- Directed by: Robert Kramer
- Screenplay by: Robert Kramer
- Starring: Patrick Bauchau Juliet Berto
- Cinematography: Louis Bihi Richard Copans Claude Michaud Éric Pittard
- Edited by: Yann Dedet Valeria Sarmiento
- Music by: Barre Phillips
- Release date: 1980;
- Country: France
- Language: French

= Guns (1980 film) =

Guns is a 1980 French crime drama film written and directed by Robert Kramer. It premiered at the 37th Venice International Film Festival.

== Cast ==
- Patrick Bauchau as Tony
- Juliet Berto as Margot
- Peggy Frankston as Lil
- Hermine Karagheuz as Katrin
- Béatrice Lord as Marie
- Robert Kramer as Robin

==Production==
The film was produced by Quasar.
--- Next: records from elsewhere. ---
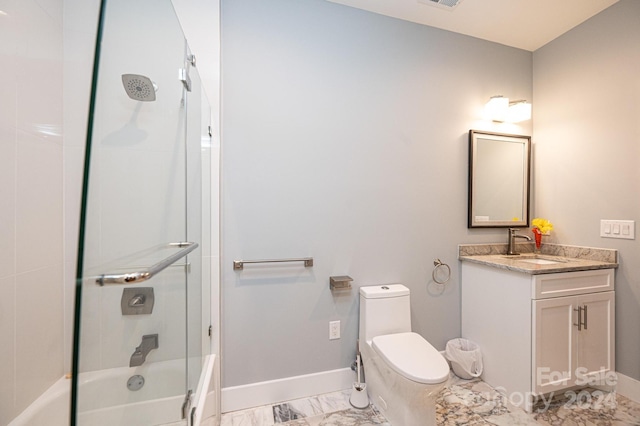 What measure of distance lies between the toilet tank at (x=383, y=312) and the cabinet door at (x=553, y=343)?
72 cm

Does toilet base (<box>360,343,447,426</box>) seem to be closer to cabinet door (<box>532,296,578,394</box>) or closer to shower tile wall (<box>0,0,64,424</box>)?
cabinet door (<box>532,296,578,394</box>)

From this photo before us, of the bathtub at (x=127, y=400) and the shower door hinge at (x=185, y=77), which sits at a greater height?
the shower door hinge at (x=185, y=77)

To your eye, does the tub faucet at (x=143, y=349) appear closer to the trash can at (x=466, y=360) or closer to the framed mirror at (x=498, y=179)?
the trash can at (x=466, y=360)

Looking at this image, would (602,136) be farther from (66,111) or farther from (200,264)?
(66,111)

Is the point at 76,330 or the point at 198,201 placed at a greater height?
the point at 198,201

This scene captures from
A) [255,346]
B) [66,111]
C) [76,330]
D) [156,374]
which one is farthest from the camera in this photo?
[255,346]

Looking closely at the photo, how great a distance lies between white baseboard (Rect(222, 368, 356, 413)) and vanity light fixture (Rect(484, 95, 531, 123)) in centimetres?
223

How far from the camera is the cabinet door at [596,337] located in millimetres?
1671

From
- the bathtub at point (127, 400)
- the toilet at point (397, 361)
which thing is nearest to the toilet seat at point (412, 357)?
the toilet at point (397, 361)

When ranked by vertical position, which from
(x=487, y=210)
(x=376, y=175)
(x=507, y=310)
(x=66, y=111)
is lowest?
(x=507, y=310)

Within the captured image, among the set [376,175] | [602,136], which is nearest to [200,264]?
[376,175]

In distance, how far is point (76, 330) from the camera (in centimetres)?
47

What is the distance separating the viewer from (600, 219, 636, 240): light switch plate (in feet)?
5.60

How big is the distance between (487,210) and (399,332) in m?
1.22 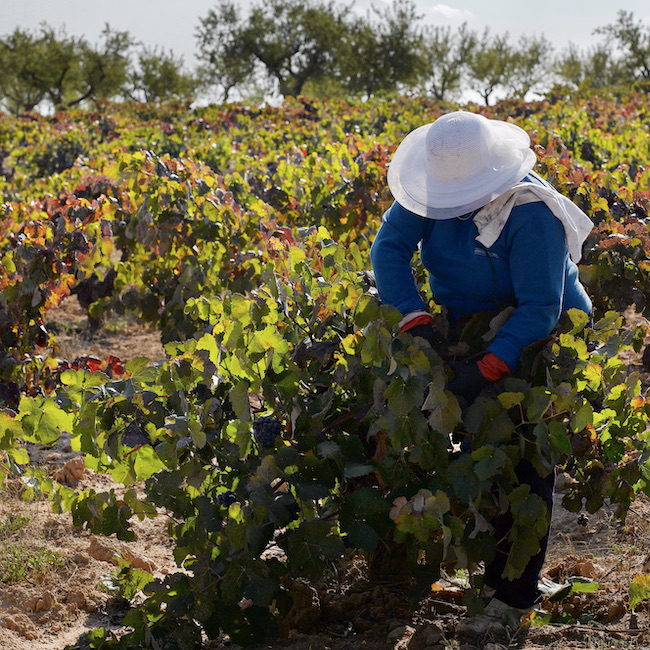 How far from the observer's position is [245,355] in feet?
7.64

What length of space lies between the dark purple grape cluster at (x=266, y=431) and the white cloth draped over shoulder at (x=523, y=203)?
776 mm

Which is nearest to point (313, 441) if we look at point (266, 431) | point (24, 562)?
point (266, 431)

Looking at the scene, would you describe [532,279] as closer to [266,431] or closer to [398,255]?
[398,255]

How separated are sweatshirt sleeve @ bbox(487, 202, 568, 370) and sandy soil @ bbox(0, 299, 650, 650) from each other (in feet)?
2.87

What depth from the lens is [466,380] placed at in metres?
2.30

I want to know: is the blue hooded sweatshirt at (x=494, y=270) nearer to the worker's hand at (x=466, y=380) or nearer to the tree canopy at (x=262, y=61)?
the worker's hand at (x=466, y=380)

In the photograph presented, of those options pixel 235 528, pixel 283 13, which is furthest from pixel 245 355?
pixel 283 13

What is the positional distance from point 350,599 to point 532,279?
4.08ft

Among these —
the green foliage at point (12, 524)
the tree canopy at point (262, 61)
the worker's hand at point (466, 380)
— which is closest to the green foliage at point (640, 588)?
the worker's hand at point (466, 380)

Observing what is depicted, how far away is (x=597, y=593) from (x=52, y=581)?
190 centimetres

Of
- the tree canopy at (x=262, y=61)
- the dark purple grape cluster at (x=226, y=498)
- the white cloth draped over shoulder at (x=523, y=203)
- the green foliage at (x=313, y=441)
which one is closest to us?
the green foliage at (x=313, y=441)

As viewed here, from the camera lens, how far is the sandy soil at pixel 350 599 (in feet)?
8.17

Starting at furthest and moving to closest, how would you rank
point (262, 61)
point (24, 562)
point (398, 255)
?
point (262, 61)
point (24, 562)
point (398, 255)

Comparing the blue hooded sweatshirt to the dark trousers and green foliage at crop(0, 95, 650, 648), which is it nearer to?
green foliage at crop(0, 95, 650, 648) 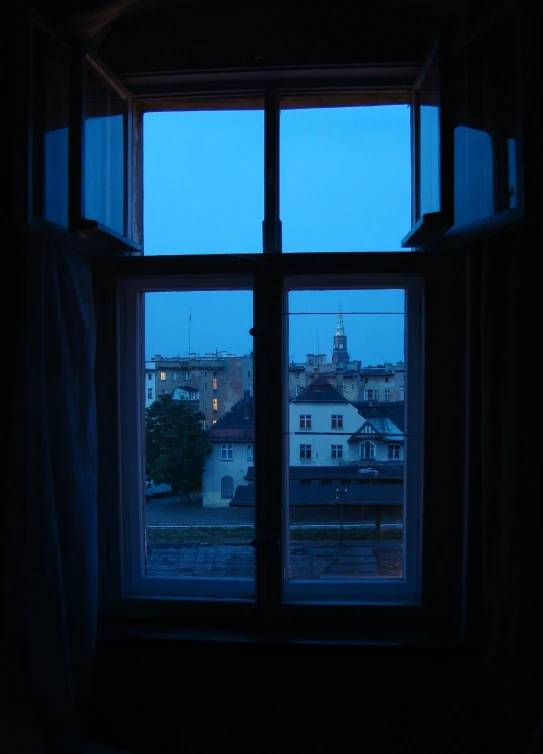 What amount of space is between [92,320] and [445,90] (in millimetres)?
1290

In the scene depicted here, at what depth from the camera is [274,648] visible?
1782 millimetres

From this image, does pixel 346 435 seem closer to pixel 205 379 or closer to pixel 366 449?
pixel 366 449

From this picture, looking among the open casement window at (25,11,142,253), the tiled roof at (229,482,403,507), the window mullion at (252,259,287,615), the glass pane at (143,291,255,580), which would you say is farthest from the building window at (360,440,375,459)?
the open casement window at (25,11,142,253)

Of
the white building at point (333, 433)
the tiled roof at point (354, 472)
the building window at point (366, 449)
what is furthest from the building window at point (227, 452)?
the building window at point (366, 449)

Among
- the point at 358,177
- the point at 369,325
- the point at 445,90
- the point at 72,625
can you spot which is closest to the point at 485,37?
the point at 445,90

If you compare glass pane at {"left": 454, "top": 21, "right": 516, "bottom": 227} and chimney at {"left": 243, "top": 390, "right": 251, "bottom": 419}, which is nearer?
glass pane at {"left": 454, "top": 21, "right": 516, "bottom": 227}

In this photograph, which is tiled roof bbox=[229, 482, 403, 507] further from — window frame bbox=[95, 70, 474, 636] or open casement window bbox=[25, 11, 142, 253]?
open casement window bbox=[25, 11, 142, 253]

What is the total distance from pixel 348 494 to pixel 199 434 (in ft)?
1.91

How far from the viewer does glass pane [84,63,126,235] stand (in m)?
1.62

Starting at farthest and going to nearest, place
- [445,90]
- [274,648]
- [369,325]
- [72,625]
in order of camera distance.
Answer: [369,325] → [274,648] → [72,625] → [445,90]

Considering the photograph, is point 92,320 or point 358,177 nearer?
point 92,320

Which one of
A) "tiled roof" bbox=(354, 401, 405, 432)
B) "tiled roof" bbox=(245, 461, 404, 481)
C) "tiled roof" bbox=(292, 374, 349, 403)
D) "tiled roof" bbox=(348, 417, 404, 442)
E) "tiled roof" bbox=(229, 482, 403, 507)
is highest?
"tiled roof" bbox=(292, 374, 349, 403)

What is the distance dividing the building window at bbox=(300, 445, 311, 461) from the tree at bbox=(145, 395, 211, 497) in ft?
1.11

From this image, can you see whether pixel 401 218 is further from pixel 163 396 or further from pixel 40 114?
pixel 40 114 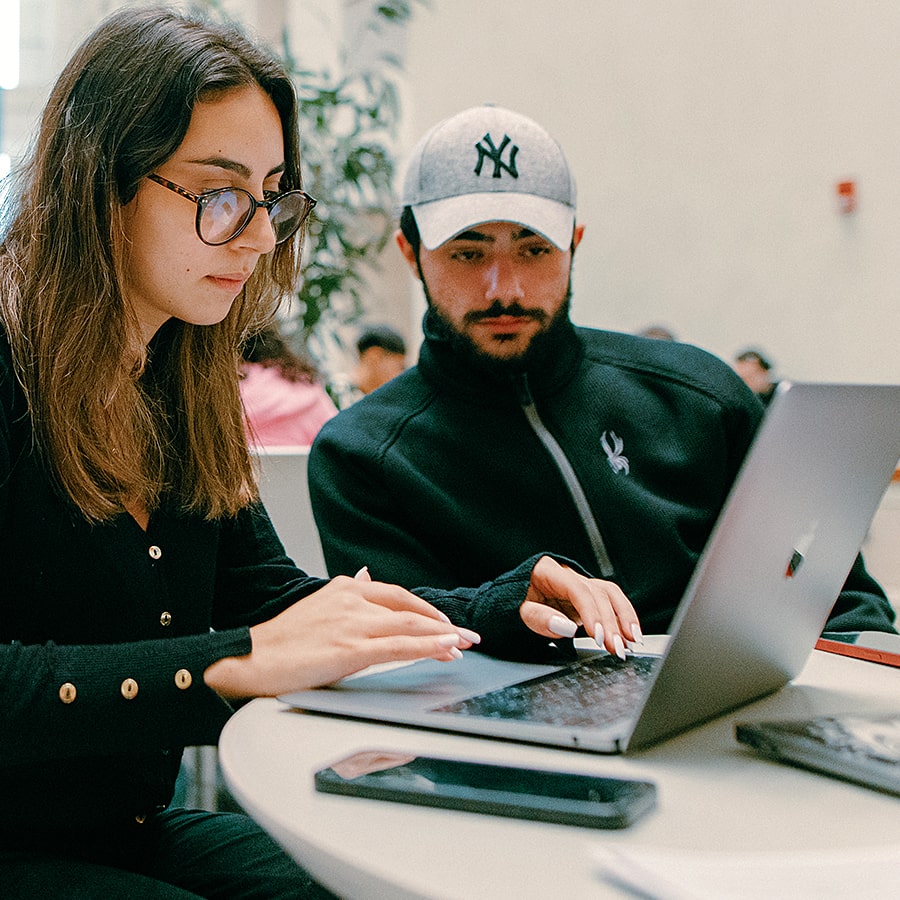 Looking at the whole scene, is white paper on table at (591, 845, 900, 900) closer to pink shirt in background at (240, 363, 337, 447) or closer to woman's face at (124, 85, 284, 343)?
woman's face at (124, 85, 284, 343)

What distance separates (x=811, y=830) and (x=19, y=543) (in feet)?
2.31

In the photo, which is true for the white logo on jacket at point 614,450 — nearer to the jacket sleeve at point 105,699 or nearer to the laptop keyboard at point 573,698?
the laptop keyboard at point 573,698

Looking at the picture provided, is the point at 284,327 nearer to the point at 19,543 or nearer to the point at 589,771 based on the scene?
the point at 19,543

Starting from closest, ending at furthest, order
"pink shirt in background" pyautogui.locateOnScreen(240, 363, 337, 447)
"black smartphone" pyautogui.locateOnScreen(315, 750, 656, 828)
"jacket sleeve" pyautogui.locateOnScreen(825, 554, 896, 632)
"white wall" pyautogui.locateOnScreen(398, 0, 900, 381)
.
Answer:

It marked the first French production for Kramer after he had relocated to Paris.

==Release==
The film premiered at the 37th edition of the Venice Film Festival, in the Officina Veneziana sidebar.

==Reception==
A contemporary Variety review described the film as "one of the most intensive, revelatory films about youthful revolt in the late '60s and early '70s in the U.S.A. in response to new political consciousness and changes wrought by the unpopular Vietnam war." Italian critic Paolo Mereghetti also praised the film, describing it as "among the finest examples of stylistic experimentation seen in recent years", and noting its visual references to Fernand Léger and Piet Mondrian.